Ed Brayton and Jonathan Rowe have good posts attacking Robert Bork, my own bête noir. I hope readers do not get the idea from their comments that what Bork says is somehow out of the mainstream. Bork is contemporary conservatism. This is the great tragedy of conservatism.
Rowe singles out a priceless sample of the sort of refuse that passes for logic in Bork’s “mind”: Bork argues against the legalization of gay marriage on the grounds that “equating heterosexuality and homosexuality, by removing the last vestiges of moral stigma from same-sex couplings...will lead to an increase in the number of homosexuals.” Yes, you read that correctly—if Jonathan Rowe goes out and gets married, Timothy Sandefur and his children are more likely to turn gay. Now, Bork says this is a bad thing, not just for society, but for these newly minted homosexuals themselves: “Despite their use of the word ‘gay,’ for many homosexuals life is anything but gay…. Attempted suicide rates are…high for homosexuals.” From this he concludes, not that we need a more tolerant society, not that we need to treat these “poor” homosexuals with more compassion, not even that we need federally-funded sexuality counselors, but that we need to “avoid the consequences of making homosexuality seem a normal and acceptable choice…”!
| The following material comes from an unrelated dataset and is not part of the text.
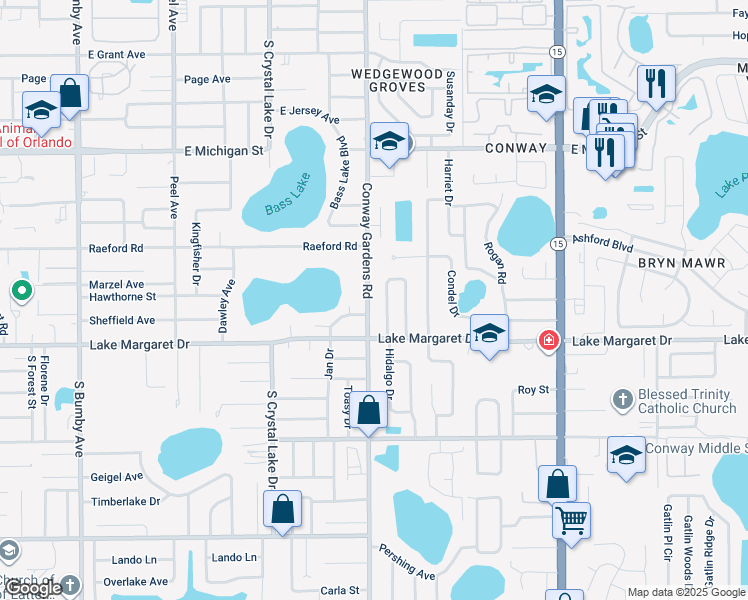 map of restaurants, bars, coffee shops, grocery stores, and more near 2923 Conway Gardens Road in Orlando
The cure, you see, for the misery of homosexuals in a society which condemns homosexuality, is to ratchet up the persecution. This is the logic of Torquemada, for Christsake! How can this man be taken seriously? And yet he is not only taken seriously; he is the intellectual leader of today’s conservatives. He is alluded to by the President of the United States in the presidential debates. He is fêted and admired and quoted and cited respectably by members of the Federalist Society (of which he is one of two leaders). He is at the forefront.
Those interested in Bork’s routine intellectual fraud are invited to consult Harry V. Jaffa’s outstanding Storm Over The Constitution, as well as my own article “Liberal Originalism,” in the current issue of the Harvard Journal of Law And Public Policy.